Historically, kibble based diets for dogs developed because pet owners began to regard dogs as luxury items, and less often the working animals they started out as; they believed that dogs needed to be "civilized," and since wild dogs and wolves ate raw meat, domesticated dogs should not be so "untamed".
Biscuits for dogs did not come about as an idea for a healthy treat - they were marketed as inexpensively as possible to sell to pet owners. The pet food industry was not born of necessity for canine health; but in fact a way for entrepreneurs to cheaply manufacture a product in which there would be and inexpensive way to do do, with a very a long shelf life.

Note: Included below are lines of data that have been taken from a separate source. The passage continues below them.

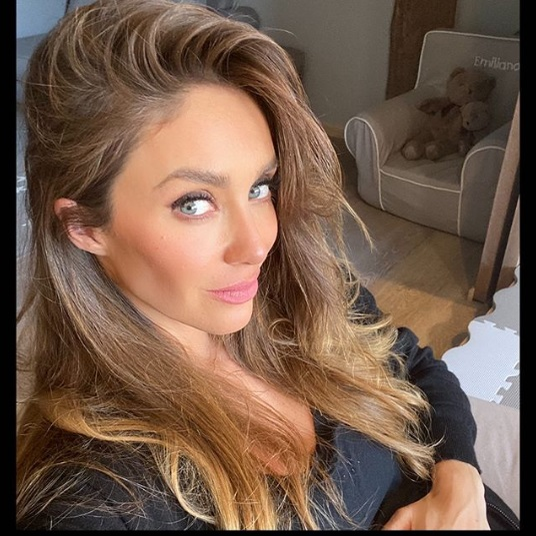Anahi a născut în secret, iar azi, l-a prezentat întregii lumi pe bebelușul ei! Ce nume a ales frumoasa actriță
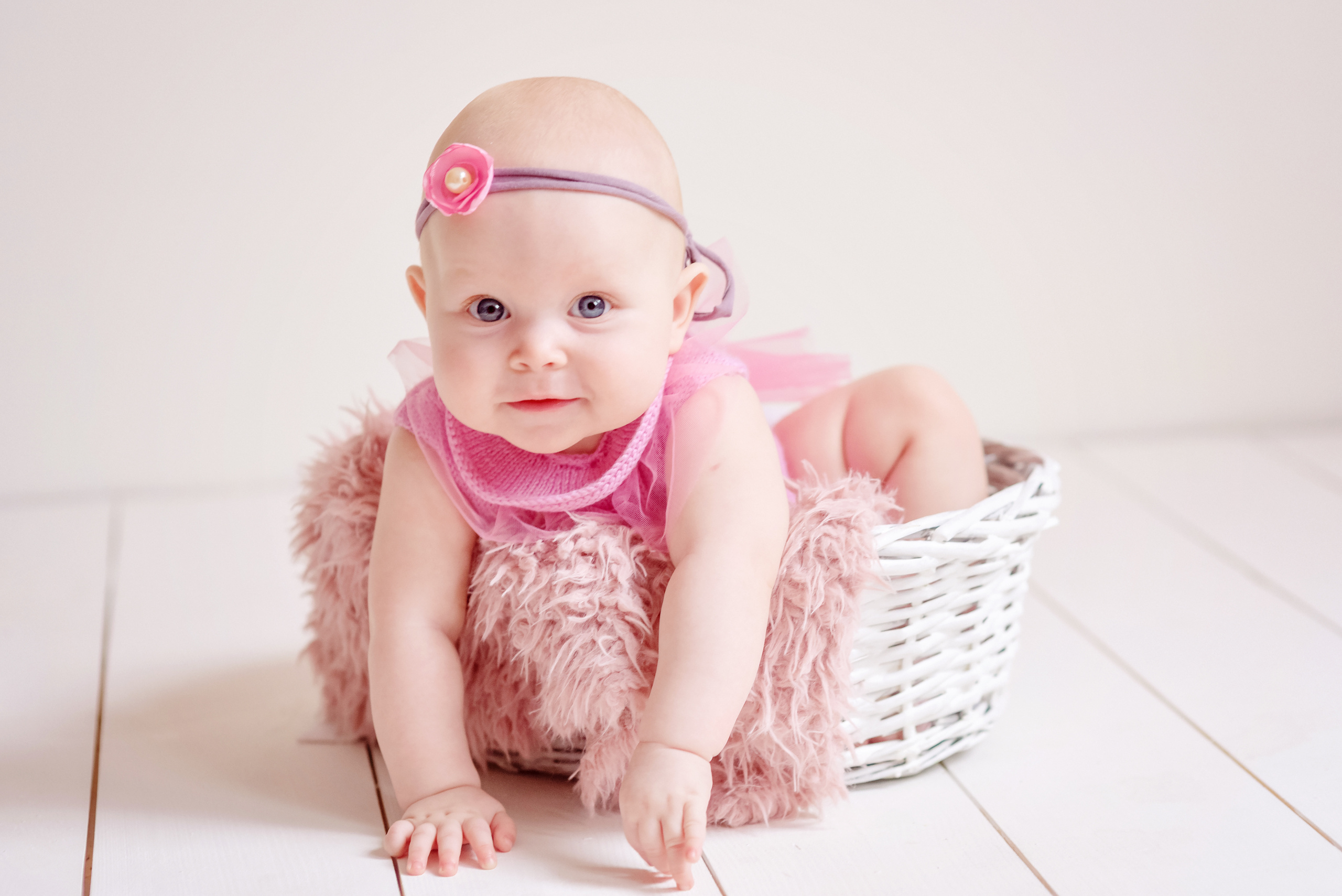 7-12 месяцев. Фотограф новорожденных, беременных и детей до года Татьяна Николаева В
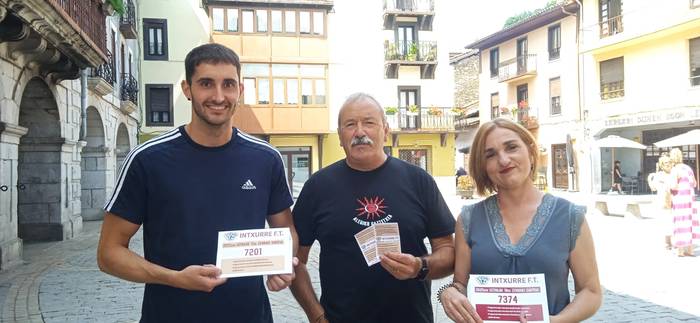 Baditu saridunak Intxurre taldearen zozketak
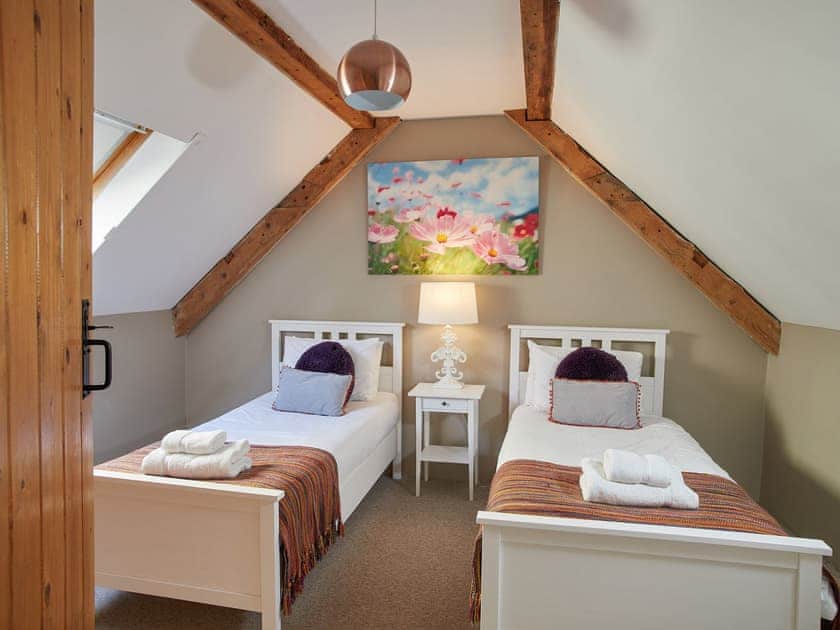 Twin bedroom | The Old Dairy - Manor Mews, Tattersett, near Fakenham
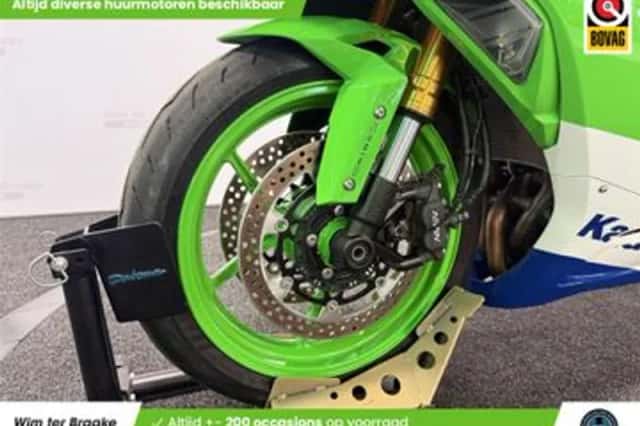 Kawasaki ZX-6R (2024) thumbnail 5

"In the late 1850s, a young electrician from Cincinnati named James Spratt went to London to sell lightning rods. When his ship arrived, crew members threw the leftover "ship's biscuits" onto the dock, where they were devoured by hordes of waiting dogs. That gave Spratt an idea. "Ship's biscuits," or hard tack, were the standard fare for sailors for centuries. Flour, water, and salt were mixed into a stiff dough, baked, and left to harden and dry. The biscuits were easily stored and had an extremely long shelf life, which was important in the days before refrigeration. And they looked a lot like today's dog biscuits. Spratt had the idea that he could make cheap, easy-to-serve biscuits and then sell them to the growing number of urban dog owners. His recipe: a baked mixture of wheat, beet root, and vegetables bound together with beef blood. When Spratt's Patent Meal Fibrine Dog Cakes came on the market in 1860, the pet food industry was born. Spratt's Dog Cakes were a hit in England, so in 1870 he took the business to New York …and began the American pet food industry."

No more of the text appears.